What is Piotroski Score?

It is not always certain that how can one evaluate a company’s financial position. Merely looking at the company’s profitability is not concrete enough at times to base your financial decisions. Different weighing factors may take you down a different path altogether and then there is a choice among 1000’s of different stocks to choose from. Joseph Piotroski, an accounting professor at Stanford came up with a theory of the Piotroski F-score.

The Piotroski score is a discrete score between zero and nine that reflects nine different criteria that are used to determine the strength of an organization’s financial position.

The F-Score is used to determine the best value stocks. The stock with a score of nine being the best and zero being the worst in the category.

The F-Score works in a simple fashion; data of various aspects are focused on the company’s accounting results over the last couple of years. For every criterion met, one point is awarded, otherwise, no points are awarded. The points are then added up to determine the best value stocks.

The score is calculated based on 9 criteria divided into 3 groups precisely:

Profitability

  • Return on Assets (1 point if it is positive in the current year, 0 otherwise)
  • Operating Cash Flow (1 point if it is positive in the current year, 0 otherwise)
  • Change in Return of Assets (ROA) (1 point if ROA is higher in the current year compared to the previous one, 0 otherwise)
  • Accruals (1 point if Operating Cash Flow/Total Assets is higher than ROA in the current year, 0 otherwise)

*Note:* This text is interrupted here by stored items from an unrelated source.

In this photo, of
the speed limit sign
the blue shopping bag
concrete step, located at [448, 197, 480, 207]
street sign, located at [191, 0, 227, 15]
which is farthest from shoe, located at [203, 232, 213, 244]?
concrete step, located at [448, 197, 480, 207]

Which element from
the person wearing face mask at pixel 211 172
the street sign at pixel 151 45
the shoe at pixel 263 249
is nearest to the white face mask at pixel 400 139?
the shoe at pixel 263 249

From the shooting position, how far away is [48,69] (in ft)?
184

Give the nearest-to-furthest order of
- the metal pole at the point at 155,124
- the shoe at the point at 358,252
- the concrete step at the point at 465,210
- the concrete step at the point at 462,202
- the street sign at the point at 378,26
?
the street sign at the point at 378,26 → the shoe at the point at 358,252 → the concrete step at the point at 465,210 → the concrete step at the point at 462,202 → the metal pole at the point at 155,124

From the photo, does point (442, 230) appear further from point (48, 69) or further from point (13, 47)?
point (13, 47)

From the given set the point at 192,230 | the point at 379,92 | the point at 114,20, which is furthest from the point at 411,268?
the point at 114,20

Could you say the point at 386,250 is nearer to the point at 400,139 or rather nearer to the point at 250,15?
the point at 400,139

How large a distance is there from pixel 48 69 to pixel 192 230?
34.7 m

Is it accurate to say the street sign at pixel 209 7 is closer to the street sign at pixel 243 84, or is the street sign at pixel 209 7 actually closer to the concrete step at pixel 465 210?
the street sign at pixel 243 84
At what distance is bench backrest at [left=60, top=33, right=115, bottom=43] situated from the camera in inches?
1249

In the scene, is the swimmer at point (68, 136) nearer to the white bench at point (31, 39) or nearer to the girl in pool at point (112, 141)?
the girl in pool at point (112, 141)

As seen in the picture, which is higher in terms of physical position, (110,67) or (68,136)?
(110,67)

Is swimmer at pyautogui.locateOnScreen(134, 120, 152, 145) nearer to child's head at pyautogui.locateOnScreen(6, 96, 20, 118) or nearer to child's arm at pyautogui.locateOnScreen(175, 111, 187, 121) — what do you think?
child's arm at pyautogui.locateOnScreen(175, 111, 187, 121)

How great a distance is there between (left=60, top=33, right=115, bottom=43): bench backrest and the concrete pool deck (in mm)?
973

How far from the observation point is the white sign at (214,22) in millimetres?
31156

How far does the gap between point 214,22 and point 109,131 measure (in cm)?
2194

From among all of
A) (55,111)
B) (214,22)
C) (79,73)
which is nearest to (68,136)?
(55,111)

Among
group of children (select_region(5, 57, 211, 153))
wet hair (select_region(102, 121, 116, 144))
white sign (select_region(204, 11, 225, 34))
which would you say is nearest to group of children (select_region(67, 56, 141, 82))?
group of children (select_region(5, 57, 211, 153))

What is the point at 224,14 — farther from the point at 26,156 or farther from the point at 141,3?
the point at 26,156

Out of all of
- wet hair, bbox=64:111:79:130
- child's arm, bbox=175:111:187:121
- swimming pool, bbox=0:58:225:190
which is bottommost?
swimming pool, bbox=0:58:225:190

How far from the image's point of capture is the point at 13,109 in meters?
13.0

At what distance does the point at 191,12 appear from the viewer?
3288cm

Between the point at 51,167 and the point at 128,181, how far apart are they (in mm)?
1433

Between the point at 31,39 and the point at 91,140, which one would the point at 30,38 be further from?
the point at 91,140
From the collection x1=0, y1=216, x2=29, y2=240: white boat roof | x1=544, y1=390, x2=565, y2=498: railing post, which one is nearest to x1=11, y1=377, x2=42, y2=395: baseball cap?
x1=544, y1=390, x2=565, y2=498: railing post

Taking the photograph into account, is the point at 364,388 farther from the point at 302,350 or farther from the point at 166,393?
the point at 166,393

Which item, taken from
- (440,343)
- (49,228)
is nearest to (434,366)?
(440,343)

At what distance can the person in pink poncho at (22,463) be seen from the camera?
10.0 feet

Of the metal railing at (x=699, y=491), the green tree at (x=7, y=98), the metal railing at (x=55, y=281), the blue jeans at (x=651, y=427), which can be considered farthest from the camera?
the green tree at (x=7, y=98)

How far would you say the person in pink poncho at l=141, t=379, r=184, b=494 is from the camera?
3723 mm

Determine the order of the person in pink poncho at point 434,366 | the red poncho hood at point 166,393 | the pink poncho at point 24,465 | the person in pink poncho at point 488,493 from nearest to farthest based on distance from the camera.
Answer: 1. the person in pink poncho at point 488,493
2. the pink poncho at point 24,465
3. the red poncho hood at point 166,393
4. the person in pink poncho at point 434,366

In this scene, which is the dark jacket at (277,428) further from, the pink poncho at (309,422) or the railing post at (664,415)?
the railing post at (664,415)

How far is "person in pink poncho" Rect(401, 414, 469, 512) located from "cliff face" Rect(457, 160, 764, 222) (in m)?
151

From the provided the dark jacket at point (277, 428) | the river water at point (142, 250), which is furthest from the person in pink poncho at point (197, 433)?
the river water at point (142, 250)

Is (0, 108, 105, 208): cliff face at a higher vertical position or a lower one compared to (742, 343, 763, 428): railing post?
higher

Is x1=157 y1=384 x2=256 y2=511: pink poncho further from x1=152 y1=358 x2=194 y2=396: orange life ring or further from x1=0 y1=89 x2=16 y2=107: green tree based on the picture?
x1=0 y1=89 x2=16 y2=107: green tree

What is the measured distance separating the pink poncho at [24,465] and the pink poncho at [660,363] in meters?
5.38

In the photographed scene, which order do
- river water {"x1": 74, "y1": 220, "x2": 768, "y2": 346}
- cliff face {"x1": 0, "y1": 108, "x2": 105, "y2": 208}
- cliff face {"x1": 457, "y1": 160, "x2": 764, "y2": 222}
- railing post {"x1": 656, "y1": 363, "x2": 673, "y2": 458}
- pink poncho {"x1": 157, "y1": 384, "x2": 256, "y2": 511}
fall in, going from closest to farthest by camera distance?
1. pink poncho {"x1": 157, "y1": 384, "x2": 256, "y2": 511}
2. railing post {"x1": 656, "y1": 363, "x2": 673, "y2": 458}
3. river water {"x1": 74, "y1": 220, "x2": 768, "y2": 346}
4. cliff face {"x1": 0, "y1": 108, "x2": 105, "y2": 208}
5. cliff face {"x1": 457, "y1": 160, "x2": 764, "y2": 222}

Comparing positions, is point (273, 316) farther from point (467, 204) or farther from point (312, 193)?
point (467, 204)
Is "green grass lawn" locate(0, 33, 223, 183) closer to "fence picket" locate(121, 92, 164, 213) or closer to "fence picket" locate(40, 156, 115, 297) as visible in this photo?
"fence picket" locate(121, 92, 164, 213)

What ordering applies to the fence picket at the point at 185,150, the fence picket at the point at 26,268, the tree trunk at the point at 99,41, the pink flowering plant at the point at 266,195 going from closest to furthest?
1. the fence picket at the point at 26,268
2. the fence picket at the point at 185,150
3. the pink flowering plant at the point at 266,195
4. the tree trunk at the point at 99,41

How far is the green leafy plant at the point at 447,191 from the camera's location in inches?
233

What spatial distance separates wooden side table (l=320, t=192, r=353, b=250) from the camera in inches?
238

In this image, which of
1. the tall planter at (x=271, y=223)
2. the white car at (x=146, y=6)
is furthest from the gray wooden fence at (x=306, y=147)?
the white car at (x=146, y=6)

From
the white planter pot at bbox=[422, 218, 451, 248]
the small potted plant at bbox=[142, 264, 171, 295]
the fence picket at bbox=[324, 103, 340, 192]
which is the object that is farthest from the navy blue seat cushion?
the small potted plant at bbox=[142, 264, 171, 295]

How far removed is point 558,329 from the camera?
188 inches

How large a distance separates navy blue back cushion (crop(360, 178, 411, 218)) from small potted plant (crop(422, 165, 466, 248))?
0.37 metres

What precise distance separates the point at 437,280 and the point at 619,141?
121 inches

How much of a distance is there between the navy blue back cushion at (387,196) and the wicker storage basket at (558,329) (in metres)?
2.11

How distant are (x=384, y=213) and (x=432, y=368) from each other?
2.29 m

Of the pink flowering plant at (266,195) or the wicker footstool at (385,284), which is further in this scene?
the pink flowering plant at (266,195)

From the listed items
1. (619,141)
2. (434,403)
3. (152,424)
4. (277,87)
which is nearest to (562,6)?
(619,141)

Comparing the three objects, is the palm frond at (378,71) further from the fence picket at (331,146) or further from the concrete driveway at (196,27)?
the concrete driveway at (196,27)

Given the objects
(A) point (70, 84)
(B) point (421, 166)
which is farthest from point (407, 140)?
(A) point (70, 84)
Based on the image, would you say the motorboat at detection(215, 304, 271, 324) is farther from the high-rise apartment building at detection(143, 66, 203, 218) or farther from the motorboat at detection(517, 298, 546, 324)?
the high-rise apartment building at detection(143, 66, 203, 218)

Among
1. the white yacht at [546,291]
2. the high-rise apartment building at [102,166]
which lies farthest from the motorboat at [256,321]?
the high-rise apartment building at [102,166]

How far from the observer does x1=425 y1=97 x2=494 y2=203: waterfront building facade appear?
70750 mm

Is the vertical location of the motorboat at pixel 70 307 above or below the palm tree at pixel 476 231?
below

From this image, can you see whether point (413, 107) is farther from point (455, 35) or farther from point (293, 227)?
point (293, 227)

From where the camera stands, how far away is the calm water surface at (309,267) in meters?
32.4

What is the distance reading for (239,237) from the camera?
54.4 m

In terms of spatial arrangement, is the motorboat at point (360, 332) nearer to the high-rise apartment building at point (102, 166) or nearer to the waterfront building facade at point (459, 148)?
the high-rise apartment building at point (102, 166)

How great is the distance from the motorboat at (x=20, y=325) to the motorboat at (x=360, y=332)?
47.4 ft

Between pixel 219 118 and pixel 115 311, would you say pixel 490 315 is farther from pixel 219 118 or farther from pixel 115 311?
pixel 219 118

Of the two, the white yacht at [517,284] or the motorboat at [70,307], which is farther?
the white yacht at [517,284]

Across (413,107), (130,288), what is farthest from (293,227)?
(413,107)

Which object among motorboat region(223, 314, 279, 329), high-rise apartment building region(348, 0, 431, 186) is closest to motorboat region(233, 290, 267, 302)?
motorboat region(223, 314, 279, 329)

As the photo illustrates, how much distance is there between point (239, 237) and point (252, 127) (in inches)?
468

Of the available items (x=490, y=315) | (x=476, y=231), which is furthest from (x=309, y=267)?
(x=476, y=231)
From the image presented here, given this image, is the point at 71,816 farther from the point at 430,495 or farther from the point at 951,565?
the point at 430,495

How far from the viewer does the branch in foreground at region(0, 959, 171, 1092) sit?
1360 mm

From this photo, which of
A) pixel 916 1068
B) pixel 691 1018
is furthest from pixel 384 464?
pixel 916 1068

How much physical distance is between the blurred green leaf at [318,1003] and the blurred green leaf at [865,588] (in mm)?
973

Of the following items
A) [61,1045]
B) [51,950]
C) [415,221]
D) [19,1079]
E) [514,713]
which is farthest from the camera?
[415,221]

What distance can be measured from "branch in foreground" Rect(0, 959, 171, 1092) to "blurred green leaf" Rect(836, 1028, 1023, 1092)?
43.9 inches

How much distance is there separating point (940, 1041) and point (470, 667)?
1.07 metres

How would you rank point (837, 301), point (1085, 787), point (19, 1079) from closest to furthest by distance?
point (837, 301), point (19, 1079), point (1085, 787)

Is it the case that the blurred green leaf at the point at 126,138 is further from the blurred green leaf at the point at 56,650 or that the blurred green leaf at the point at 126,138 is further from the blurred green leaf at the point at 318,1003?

Leverage, Liquidity, and Source of Funds

  • Change in Leverage (long-term) ratio (1 point if the ratio is lower this year compared to the previous one, 0 otherwise)
  • Change in Current ratio (1 point if it is higher in the current year compared to the previous one, 0 otherwise)
  • Change in the number of shares (1 point if no new shares were issued during the last year)

Operating Efficiency

  • Change in Gross Margin (1 point if it is higher in the current year compared to the previous one, 0 otherwise)
  • Change in Asset Turnover ratio (1 point if it is higher in the current year compared to the previous one, 0 otherwise)

The score is calculated based on the data from the financial statement of a company. A company gets 1 point for each met criteria. Summing up all achieved points gives Piotroski F-score (a number between 0 and 9). Simply speaking, a company with a score of 8 or 9 is considered good and viable for investments. On the other hand, a company with a score of 0-2 is seen as week.

The attributes are summarized in a table below for better understanding:

Formula:

F Score = ROA+ CFO + ∆ROA + ACCRUAL + ∆LEVERAGE + ∆LIQUIDITY + ∆EQUITY + ∆MARGIN + ∆TURNOVER

The Piotroski F-Score is not intended to be used on its own. Rather this is an additional filter for a value screen. The starting point is taking the companies which fall into the bottom 20% of the market. This is in terms of their price to book/NAV value.

His paper also states that the “benefits to financial statement analysis are concentrated in small and medium-sized firms, companies with low share turnover, and firms with no analyst following”. The reason for this is presumed to be the information gap – there is less likely to be genuine mispricing for large companies that have a lot of analysts.